Em entrevista à melhor revista de guitarra do mundo, a Guitar World, Paul Stanley admite que “Carnival of Souls” é um disco equivocado, pois apesar de não ser ruim, é uma tentativa fracassada da banda tentar se mostrar antenada com o som do momento. Esse tipo de comentário é estranho de ouvir de Paul, sobretudo se considerarmos que o Kiss aderiu à onda da disco music em 1979/1980 (“I Was Made For Lovin´ You” foi composta exatamente para mostrar que Paul podia escrever músicas disco), e ainda perfilou junto com outras tantas bandas de hair metal nos anos 1980, sem contar o “The Elder”, que representou a tentativa da banda de ter o seu “The Wall” com o mesmo produtor Bob Ezrin. Em todo o caso, “Carnival of Souls” é um excelente disco do Soundgarden ou do Alice in Chains (particularmente, entendo que é um disco melhor do que os lançados por essas bandas que fizeram excepcional sucesso na primeira metade dos anos 1990). Conheço “Carnival of Souls” desde o seu lançamento, e assim foi só recentemente, quando ouvi “Superunknown” e “Badmotorfinger” que entendo o que o Kiss estava tentando fazer. Repito: acho que “Carnival of Souls” é um disco melhor, com melhores músicas e riffs, do que os citados da banda de Chris Cornell.

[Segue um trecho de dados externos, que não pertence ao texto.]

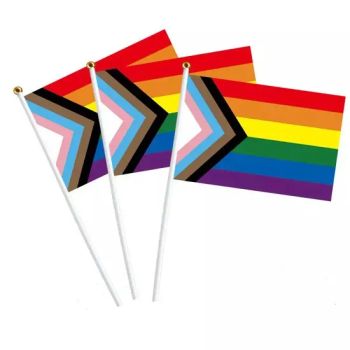 Promotional Item Paper Material Design Print Logo Color Company Hand Flags Banners Custom Hand Flags Banners - Fujian Yidai Premiums Mfg Co., Ltd. - China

Li recentemente uma longa entrevista do Eric Singer para o Kiss FAQ, e sobre "Carnival of Souls" o cara concordou com a noção de que se trata de um bom disco, mas não de um bom disco do Kiss. Fato é que o baterista trouxe uma perspectiva interessante quando se queixou da mixagem de responsabilidade de Toby Wright. O raciocínio é de que se o disco é pesado, então a mixagem deve tornar as coisas estupidamente pesadas, e aí o disco seria grandioso e se colocaria bem entre (ou ao lado de) "Revenge", "Creatures of the Night" e "Lick It Up". Diz o baterista que o som das faixas básicas era monstruoso de bom. Ocorre que o produtor resolveu adotar uma mixagem alternativa, experimentando de certa forma, e aí o resultado final ficou a desejar. E é bem possível que Eric Singer esteja certo, pois, apesar de não ter nenhum conhecimento nessa área, sempre me pareceu que o som do disco tinha algo de diferente, e digo diferente de maneira desconfortável.
Na época, pareceu-me natural que a banda investisse em um som pesado, face ao sucesso com o qual foi recebido “Revenge” e o “Alive III”. Mas o peso não se restringiu aos riffs e à estrutura das composições: a afinação de quase todas as faixas é meio abaixo (Eb-Ab-Db-Gb-Bb-Eb) com a sexta corda um tom abaixo (Db). Sabe-se que a afinação dropped-D favorece riffs bem pesados, do tipo que o Soundgarden costumava empregar em algumas de suas composições. O Kiss utilizou-se bastante das facilidades dessa afinação para construir riffs monumentais como é o caso de “Hate”, “In My Head”, “Jungle”, dentre outras.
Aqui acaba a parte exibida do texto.